Stored records:

+++

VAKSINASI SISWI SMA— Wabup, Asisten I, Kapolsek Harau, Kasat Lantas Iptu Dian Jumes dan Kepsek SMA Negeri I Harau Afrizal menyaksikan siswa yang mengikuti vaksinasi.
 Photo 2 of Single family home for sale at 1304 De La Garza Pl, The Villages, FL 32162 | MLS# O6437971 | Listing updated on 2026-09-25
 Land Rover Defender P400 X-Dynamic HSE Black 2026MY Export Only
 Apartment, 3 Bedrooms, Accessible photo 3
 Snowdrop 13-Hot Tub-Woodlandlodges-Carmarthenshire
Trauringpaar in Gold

+++

TASK TO COMPLETE: Restate the records word for word, keeping every line.

EXERCISE RESULT:
VAKSINASI SISWI SMA— Wabup, Asisten I, Kapolsek Harau, Kasat Lantas Iptu Dian Jumes dan Kepsek SMA Negeri I Harau Afrizal menyaksikan siswa yang mengikuti vaksinasi.
 Photo 2 of Single family home for sale at 1304 De La Garza Pl, The Villages, FL 32162 | MLS# O6437971 | Listing updated on 2026-09-25
 Land Rover Defender P400 X-Dynamic HSE Black 2026MY Export Only
 Apartment, 3 Bedrooms, Accessible photo 3
 Snowdrop 13-Hot Tub-Woodlandlodges-Carmarthenshire
Trauringpaar in Gold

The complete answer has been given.